[英]How to check a string which only contains one word. If a string has a sentence it should return false
I know it's a wierd to ask a question like this. 我知道提出这样的问题很奇怪。 But i've got no options. 但我没有选择。 The problem is 问题是
I've come across a requirement where i happens to add a condition where, If there is an input as a string, I should be able to allow all the strings which only contains one word. 我遇到了一个要求,我碰巧添加了一个条件,如果有一个输入作为字符串,我应该能够允许所有只包含一个单词的字符串。 So if there are many words I should reject. 所以如果有很多话,我应该拒绝。 How to add such check when I don't have specificity on such string. 当我对这样的字符串没有特异性时,如何添加这样的检查。
If the words are separated by some kind of white space, you could use a simple regular expression for this: 如果单词由某种空格分隔,则可以使用简单的正则表达式:
Pattern wordPattern = Pattern.compile("\\w+");
Matcher wordMatcher = wordPattern.matcher(inputString);
if (!wordMatcher.matches()) {
// discard user input
}
This will match all word characters ( [a-zA-Z_0-9]

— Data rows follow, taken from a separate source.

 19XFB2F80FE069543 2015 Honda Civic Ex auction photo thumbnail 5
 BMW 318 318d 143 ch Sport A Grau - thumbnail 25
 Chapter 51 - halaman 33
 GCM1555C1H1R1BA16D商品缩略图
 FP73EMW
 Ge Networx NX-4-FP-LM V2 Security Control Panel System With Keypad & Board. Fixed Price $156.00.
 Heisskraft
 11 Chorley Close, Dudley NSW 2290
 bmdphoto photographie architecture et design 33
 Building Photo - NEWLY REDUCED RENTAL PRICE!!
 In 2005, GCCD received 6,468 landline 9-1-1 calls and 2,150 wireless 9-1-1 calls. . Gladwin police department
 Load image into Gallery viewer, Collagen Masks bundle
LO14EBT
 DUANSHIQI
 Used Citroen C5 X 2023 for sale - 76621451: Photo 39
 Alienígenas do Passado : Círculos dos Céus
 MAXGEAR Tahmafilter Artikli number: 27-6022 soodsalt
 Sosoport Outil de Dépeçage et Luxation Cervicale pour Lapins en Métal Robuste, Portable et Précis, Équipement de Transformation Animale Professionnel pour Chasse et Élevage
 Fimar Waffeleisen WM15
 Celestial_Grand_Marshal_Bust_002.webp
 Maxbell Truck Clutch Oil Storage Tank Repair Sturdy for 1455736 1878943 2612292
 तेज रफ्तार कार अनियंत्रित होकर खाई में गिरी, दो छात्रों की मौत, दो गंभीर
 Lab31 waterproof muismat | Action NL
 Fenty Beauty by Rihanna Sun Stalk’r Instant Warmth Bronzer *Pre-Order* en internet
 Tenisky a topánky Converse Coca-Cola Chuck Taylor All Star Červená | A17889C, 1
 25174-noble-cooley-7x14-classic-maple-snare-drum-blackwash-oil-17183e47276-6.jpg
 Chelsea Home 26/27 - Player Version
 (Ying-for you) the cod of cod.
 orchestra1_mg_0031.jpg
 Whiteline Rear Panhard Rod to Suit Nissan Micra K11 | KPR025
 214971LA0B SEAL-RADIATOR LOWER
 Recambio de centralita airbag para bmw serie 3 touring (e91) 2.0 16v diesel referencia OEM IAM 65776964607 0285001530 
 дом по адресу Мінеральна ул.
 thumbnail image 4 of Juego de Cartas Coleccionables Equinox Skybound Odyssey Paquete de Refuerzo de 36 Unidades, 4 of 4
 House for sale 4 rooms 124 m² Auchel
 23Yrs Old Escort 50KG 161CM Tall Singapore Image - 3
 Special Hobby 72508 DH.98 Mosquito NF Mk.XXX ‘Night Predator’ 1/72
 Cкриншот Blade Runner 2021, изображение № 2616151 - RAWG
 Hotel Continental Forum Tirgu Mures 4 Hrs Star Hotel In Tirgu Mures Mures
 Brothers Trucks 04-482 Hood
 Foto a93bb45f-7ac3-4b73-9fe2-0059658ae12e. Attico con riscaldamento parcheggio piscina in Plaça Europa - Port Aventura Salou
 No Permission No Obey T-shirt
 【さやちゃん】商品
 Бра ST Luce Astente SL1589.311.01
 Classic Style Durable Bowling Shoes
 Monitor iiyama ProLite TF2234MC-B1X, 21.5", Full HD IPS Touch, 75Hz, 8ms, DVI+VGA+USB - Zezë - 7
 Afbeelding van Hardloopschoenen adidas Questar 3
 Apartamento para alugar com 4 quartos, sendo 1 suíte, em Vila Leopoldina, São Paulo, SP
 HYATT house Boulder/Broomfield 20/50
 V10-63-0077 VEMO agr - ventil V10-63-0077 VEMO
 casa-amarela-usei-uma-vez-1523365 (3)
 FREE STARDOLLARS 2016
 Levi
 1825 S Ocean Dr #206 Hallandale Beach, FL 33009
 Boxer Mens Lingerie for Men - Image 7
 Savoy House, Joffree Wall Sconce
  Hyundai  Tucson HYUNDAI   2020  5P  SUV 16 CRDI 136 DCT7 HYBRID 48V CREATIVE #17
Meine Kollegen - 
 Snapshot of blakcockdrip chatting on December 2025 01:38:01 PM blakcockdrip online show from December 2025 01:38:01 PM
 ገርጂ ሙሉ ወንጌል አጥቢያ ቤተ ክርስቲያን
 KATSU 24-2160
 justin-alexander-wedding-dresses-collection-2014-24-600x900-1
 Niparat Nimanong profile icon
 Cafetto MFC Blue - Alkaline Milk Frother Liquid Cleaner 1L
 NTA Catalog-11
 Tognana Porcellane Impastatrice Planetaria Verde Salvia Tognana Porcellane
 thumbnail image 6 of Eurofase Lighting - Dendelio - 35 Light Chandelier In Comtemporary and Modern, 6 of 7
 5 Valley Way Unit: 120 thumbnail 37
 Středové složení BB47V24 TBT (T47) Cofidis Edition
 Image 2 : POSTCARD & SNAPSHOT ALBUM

). 这将匹配所有单词字符( [a-zA-Z_0-9]
)。 If your definition of "word" is different, the regex will need to be adapted. 如果您对“单词”的定义不同,则需要调整正则表达式。
So many ways you can achieve it, One of the simplest is.. 有很多方法可以实现它,其中最简单的是......
String str = "abc def";
String [] array = str.trim().split(" ");
if(array.lenght==1){
// allow if lenght = 1, or a word....
}else{
// don't allow if lenght !=1 , or not a word..., dosomething else, or skip
}
You can split the string on a regular expression that represents a sequence of white spaces and then see how many parts you get. 您可以将字符串拆分为表示一系列空格的正则表达式,然后查看您获得的部分数量。 Here's a function to do it: 这是一个功能:
public static boolean is_word(String s) {
return (s.length() > 0 && s.split("\\s+").length == 1);
}
System.out.println(is_word("word"));
System.out.println(is_word("two words"));
System.out.println(is_word("word\tabc\txyz"));
System.out.println(is_word(""));
Output : 输出 :
true false false false
The length check on the input string is required if you want to say that an empty string is not a word, which would seem reasonable. 如果你想说一个空字符串不是一个单词,那么输入字符串的长度检查是必需的,这似乎是合理的。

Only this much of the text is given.